J, the guy mentioned here: https://blessedwithastarontheforehead.com/2015/08/26/a-baby-made-me-cry/ called me 3 weeks ago.
We say hello to each other normally once or twice a year. It is always nice catching up. He always asks me about my writing and I ask about his. He was writing some screenplays. It is always a friendly conversation and never more than that. That is until a couple of weeks ago when he got in touch via Whatsup.
After catching up for a little bit he started reminiscing about the time when we first met and our train rides years ago. I didn’t back away from it or stopped him from going down memory lane. I enjoyed that innocent time in the train and was glad that he thought of them the same way I did.
I also remember that he got emotional when I chose to give the friendship back then a break. I didn’t think it was wise to continue socializing in the train since we were developing feelings for each other and he was married. Looking back I probably wanted him to say he would get divorced. He didn’t. I started taking a different train and eventually I met EX (the one that broke my heart).
It is so interesting for me to look back at that post and read about being upset that he was having a baby. This blog really helps me to see how far I have come. And in some instances, how I barely moved.
This time he mentioned he was in another state interviewing for a job. After many years in a steady job, he quit and took a somewhat high profile job, which he almost immediately quit. I was shocked at his quitting but understood his reasons. I won’t mention much more about that as I want to make sure this cannot be traced back to him.
This time he was overly sentimental saying he missed me and missed what we had in the past, which to be honest, what we had was a big “What If”. What we had was the idea that if we were free we could be together and have this great love story. We were never free at the same time to see if anything would ever come of it.
The reason why I bring all this up is that he said something that truly surprised me. He said: “I will always love you”. I was speechless. I was shocked. I know he always liked me and I always liked him, but love is a whole different ball game. We never used the word love before.

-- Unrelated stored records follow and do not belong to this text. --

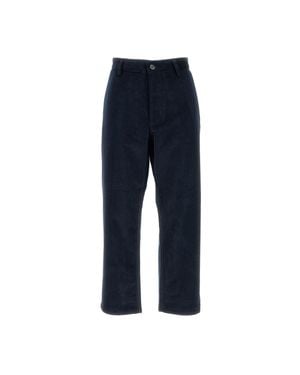 Sibel Saral Tailored Straight Leg Pants With Design - Blue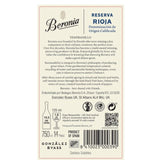 Beronia Rioja wine gift pack 3 x 75cl - British product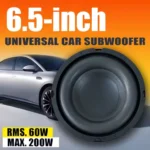 200W 6.5 inch Car Subwoofer Audio Speaker Bass for Car Home Theater System Upgrade Stereo Component Modification Truck Woofer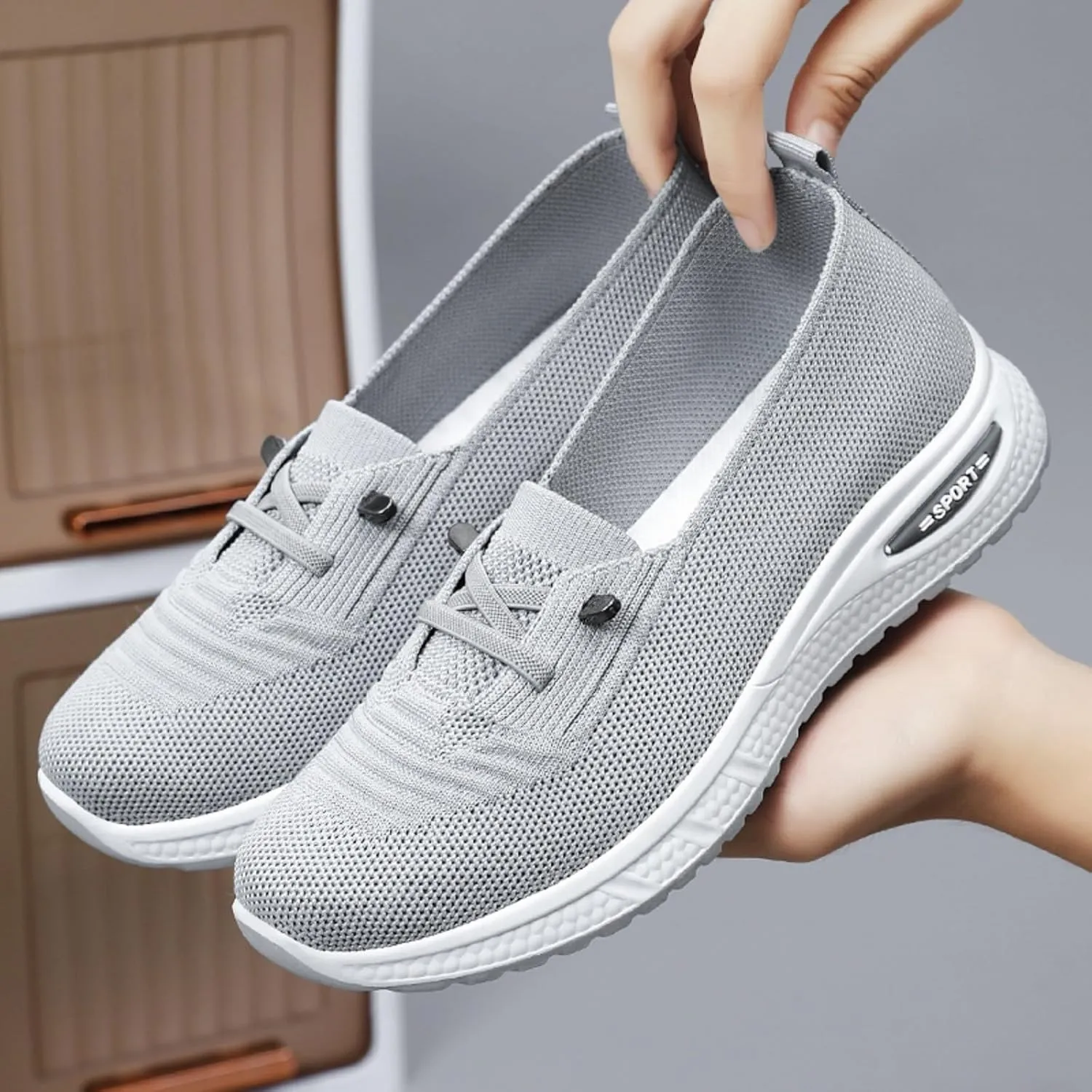 Eduavar Sandals Women Hands Free Slip On Sneaker Lightweight Casual Multi-Purpose Walking Tennis Shoes for Gym Travel Work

I struggled for a reply. He insisted: I really mean it.
What does one say to that? I can’t say the same back to him. I don’t love him or ever loved him. I think I just changed the subject. Before hanging up he said that we would meet up for a drink to celebrate my birthday. Then he said: no, we are not going to wait that long, let’s meet before then.
Did I think we would meet up? I knew he would ask me and I wanted to be strong and say no. The question to me was if I would be able to say no.
The joke was on me. I didn’t hear from him again. My birthday came and went and he forgot to even mention it. Of course I know this is for the best. I know it, and he probably knows it too. He is married. I am bored. Not a great combination. When we spoke he was emotionally drained from job hunting. I know I was a relief, I was a distraction.
I don’t want to be someone’s distraction. I don’t want a married man. I don’t want drama. We often mistake drama for excitement.
I wanted to write about it here just to illustrate how a smart person like me that knows better, can get tempted by hearing just a few charming words. I am not blaming him. I am not blaming anyone. I am just reaffirming what I know: I have to guard myself and my feelings.
And once again I remind myself: Believe in actions, no words!